Take the line containing "myOwn Women's handbag" and all lines after it, through the end of the material, and repeat them exactly, pictures left out.
+ + + + + + +
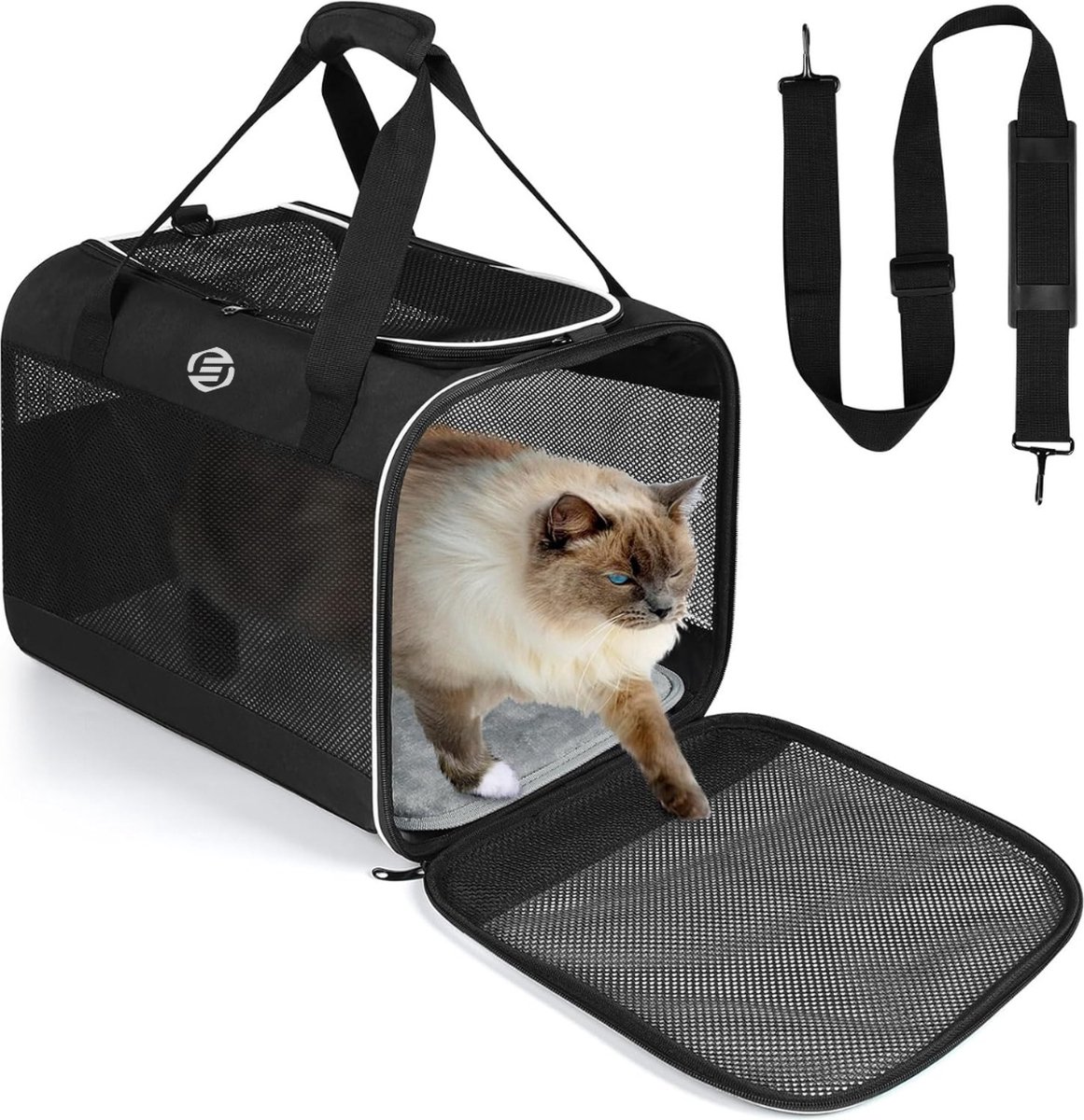 Equivera Katten Vervoersbox - Kattenvervoersbox - Reistas Katten - Reismand - Kattendraagtas - Transporttas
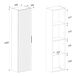 Conjunto mueble lavabo individual cesto de ropa y columna Adriel 100 Conjunto mueble lavabo individual cesto de ropa y columna Adriel 100 Beige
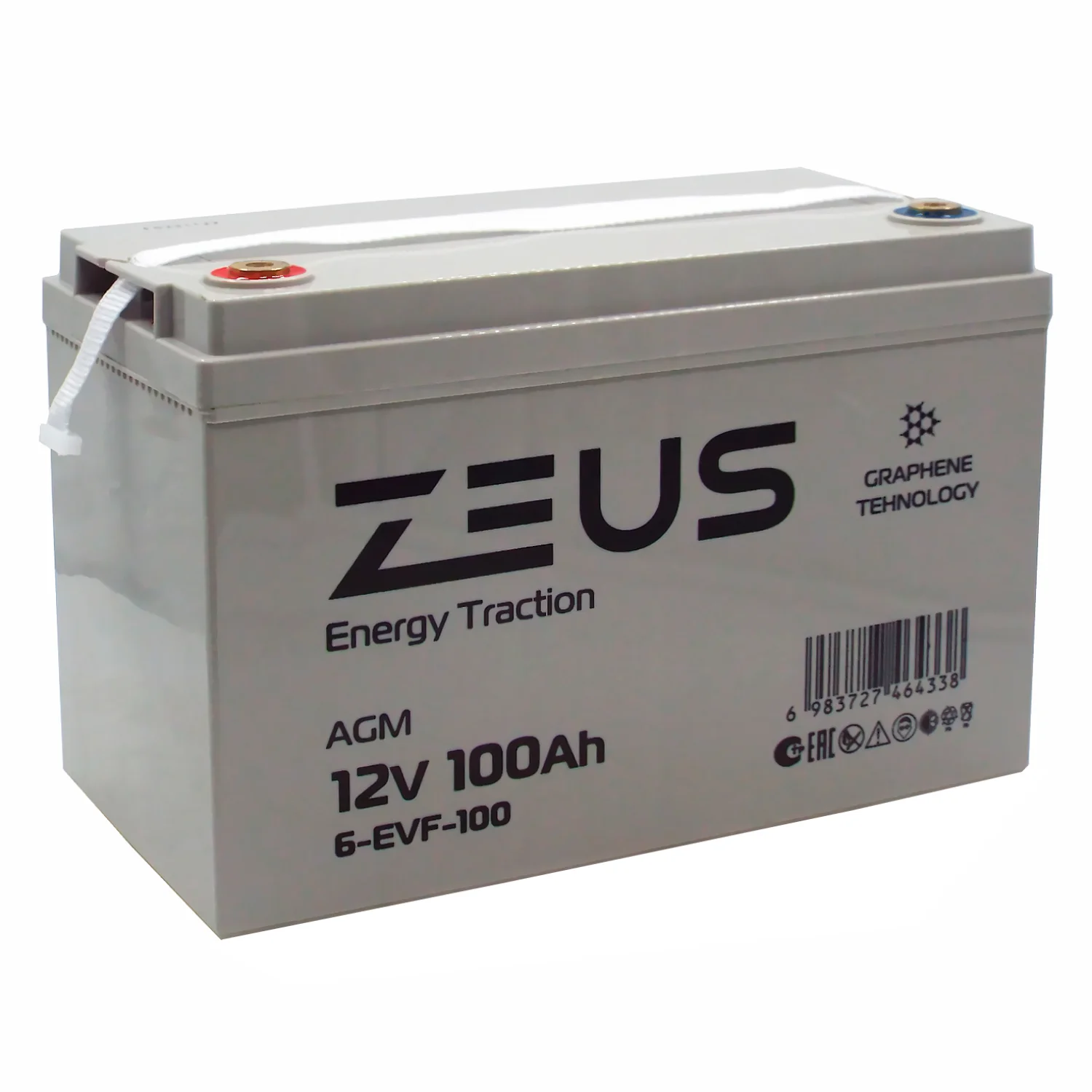 Аккумулятор ZEUS 6-EVF-100 (12V100Ah) тяговый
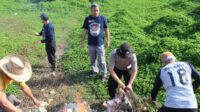 Bhabinkamtibmas Cikijing gotong royong Sukamukti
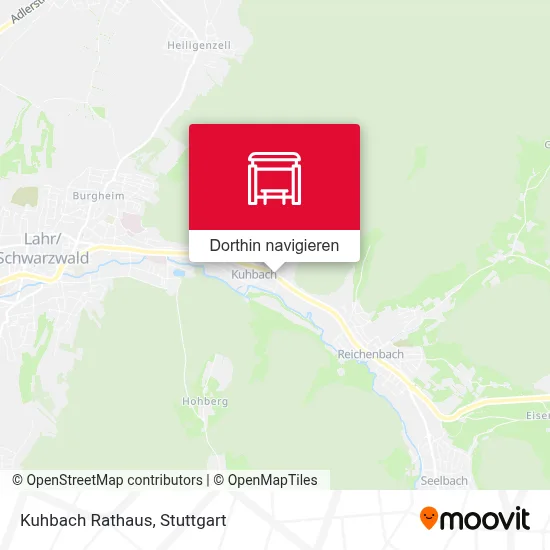 Kuhbach Rathaus Karte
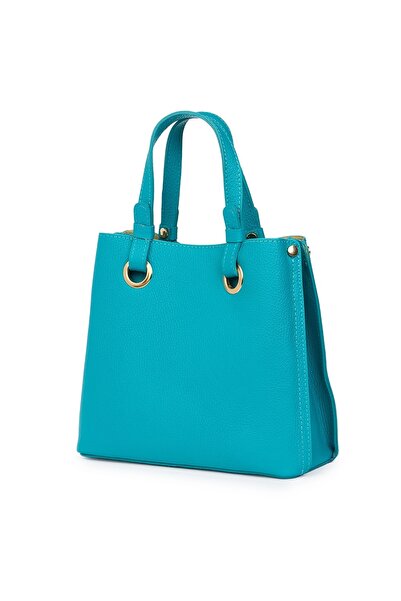 myOwn Women's handbag made of genuine leather Ilona turquoise
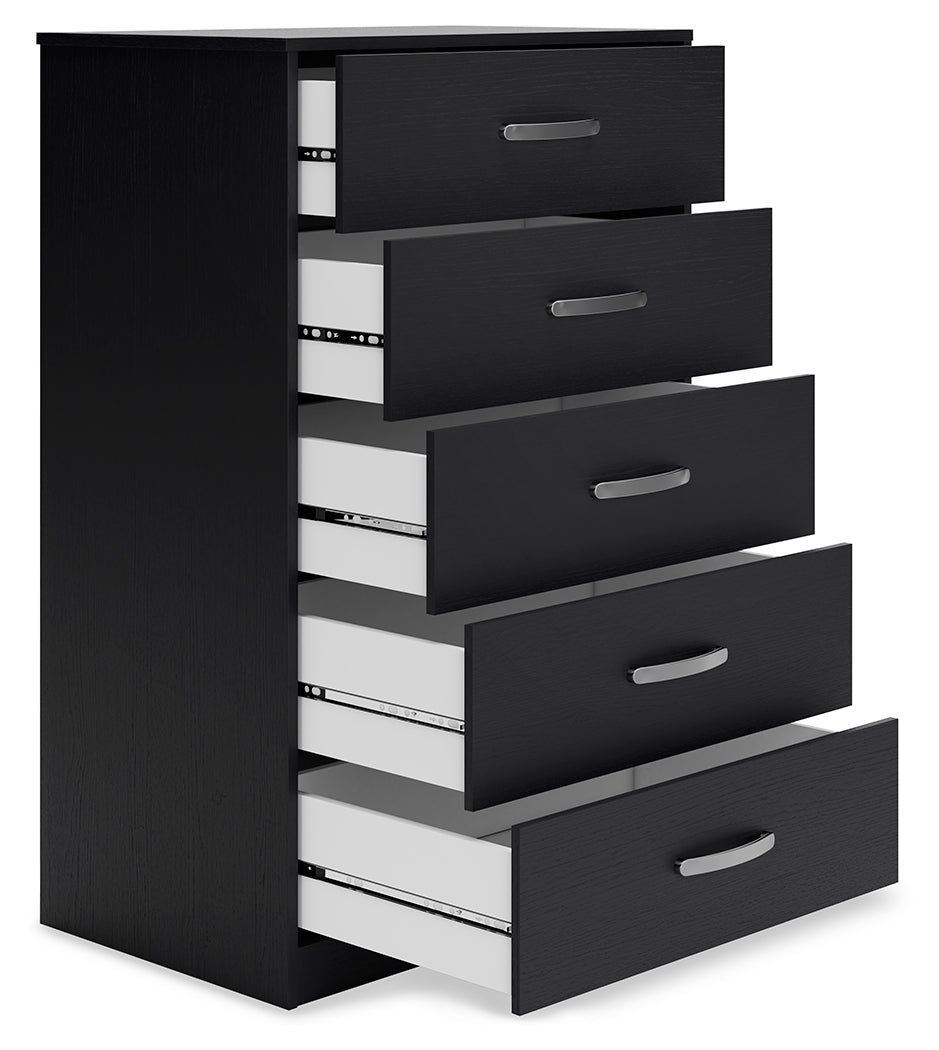 Finch Black Platform Bedroom Set from Ashley Furniture - Luna Furniture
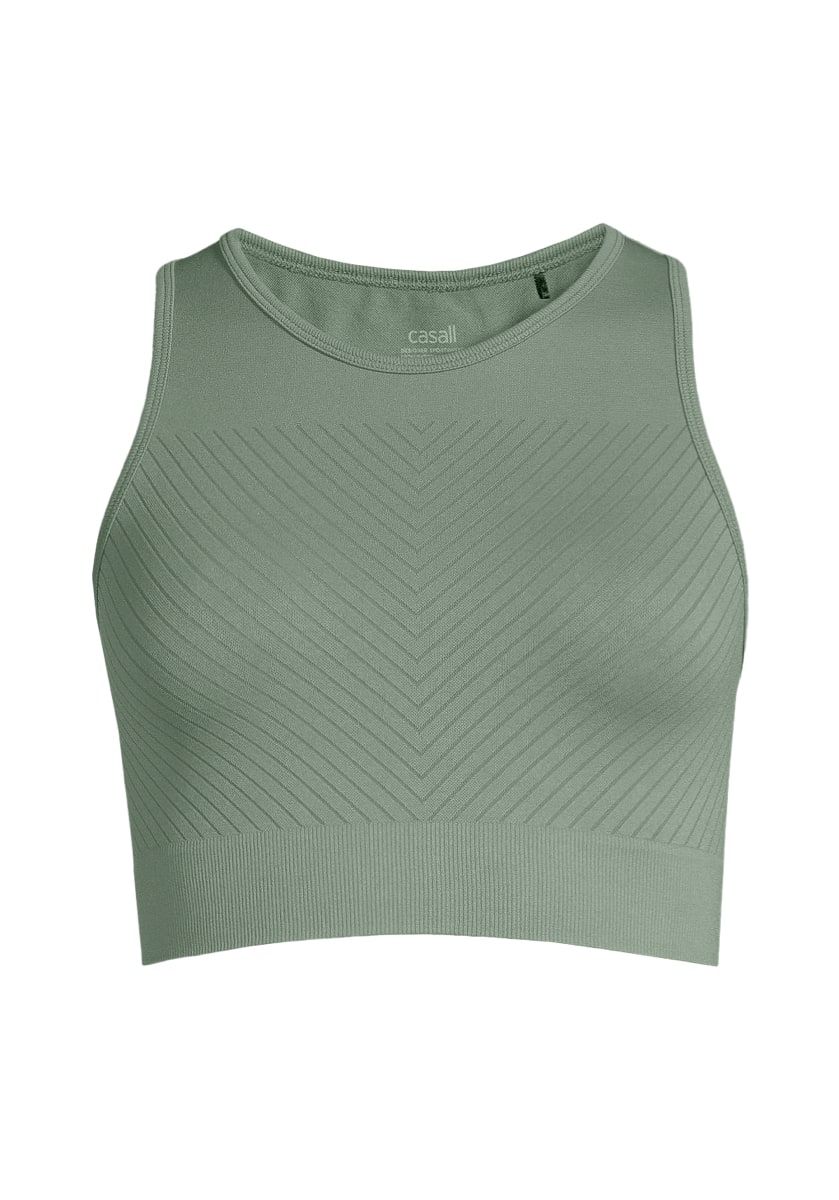 Casall Essential Block Seamless Sport Top Dusty Green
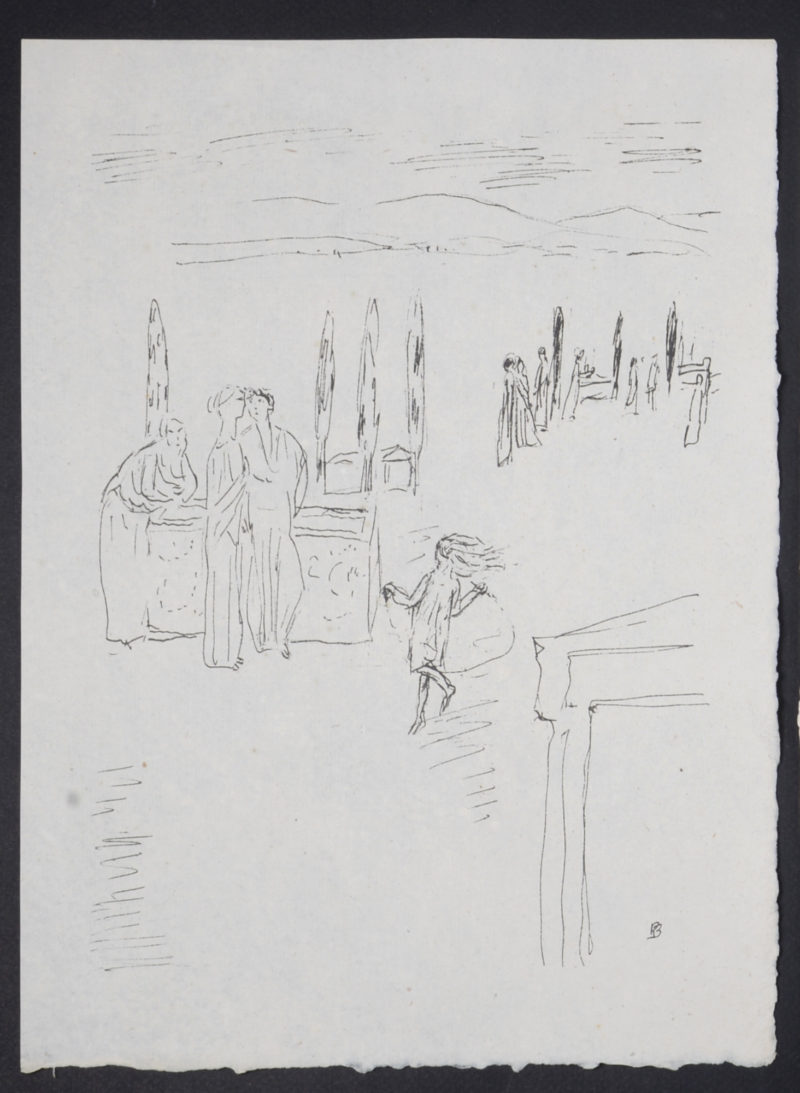 Pierre Bonnard - La Vie de Sainte Monique #10, 1930 - Set of 3 lithographs - Image 3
+ + + + + + +
• **RESPONSE AREA**
 myOwn Women's handbag made of genuine leather Ilona turquoise
 Finch Black Platform Bedroom Set from Ashley Furniture - Luna Furniture
 Casall Essential Block Seamless Sport Top Dusty Green
 Pierre Bonnard - La Vie de Sainte Monique #10, 1930 - Set of 3 lithographs - Image 3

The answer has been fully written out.